Female Reproductive Mutilation

Glosswitch wrote a horror-struck post yesterday about teenage girls and breast-binding.

I’m not supposed to call them young women. They’re non-binary individuals or trans men and that, we are supposed to think, is what makes the binding okay. Whatever the risks – “compressed or broken ribs, punctured or collapsed lungs, back pain, compression of the spine, damaged breast tissue, damaged blood vessels, blood clots, inflamed ribs, and even heart attacks” – binding is justified because of the psychological benefits. There’s no other way, you see.

I look at arguments such as these and I literally want to scream.

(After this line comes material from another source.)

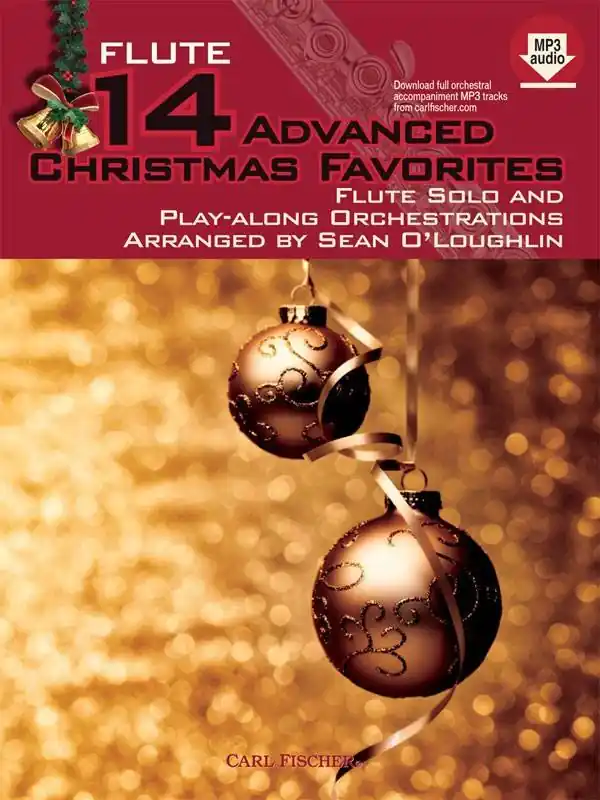 Vente Directe Carl Fischer 14 Advanced Christmas Favorites Flute Solo and Play-Along Orchestrations - O‘Loughlin - Book/Audio Online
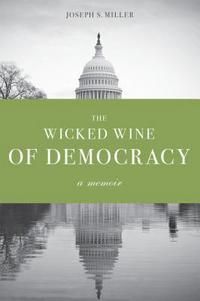 bokomslag The Wicked Wine of Democracy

You know, women used to bind their whole torsos. Remember that? Lacing? Corsets? Corsets crushed internal organs, and prevented women from breathing properly. It was impossible to draw a deep breath while wearing a corset. I posted about it a few months ago, via Elizabeth McGovern saying how awful it was wearing them on Downton Abbey:

‘There is no way,’ she says, speaking heavily and with the conviction that can be born only of bitter experience, ‘that I can convey to you what a profound experience it is not to be wearing a corset. In the series, we’ve been through the years leading up to the First World War, the years during it, and now we’re in the years after it, and I have actually physically inhabited the clothes of each era in that I have not only tried them on but spent the major part of my days wearing them.

‘Corsets are so uncomfortable that they drive me mad, and it is incredible how much it changes your world view to be out of them. You can move around so much more freely, and the passage of air is not constricted – you have more oxygen making its way to your brain so you have much more ambition, much more desire to achieve things and connect with the outside world…’

So isn’t it…something, that we’re back to mutilating women, and that that’s being portrayed as progressive.

Back to Glossy:

We need to call the rise of binding, puberty blocking, mastectomy, testosterone prescriptions and hysterectomy for girls and young women what it is: Female Reproductive Mutilation. Just as with FGM, it is a practice in which females are complicit not because they are foolish, nor because they are morally weak, but because they are trying to survive in a culture which does not respect the full humanity of a female body that grows freely, intact and unharmed. The feelings of a girl who wishes to take a knife and slice off her own breasts are absolutely valid. She is not faking it. We should be listening to her, respecting her suffering. But this complicity? This acceptance of the hatred that has been growing in her year on year?

I think more highly of women and girls than that. I will not accept the racist Western bullshit that decrees that when others remove the clitorises of girls, they are barbaric, but when we bind their breasts and cause their uteruses to atrophy, we are merely respecting their true identities. We are not. We are turning away from their pain, concluding that if they are willing to take it on themselves, who are we to stop them? It’s a horrendous abnegation of responsibility.

I know what it is like to want to disappear. I know what it is like to reject femaleness. I also know that you can reach a point of wanting to grow, of finding a way through it, even though the discomfort never fully leaves you. We are denying girls the chance to make that choice later in life and we are endorsing their suffering now. It is unforgivable.

Foot-binding. Corsets. High heels. FGM. Breast-binding. It’s all the same shit.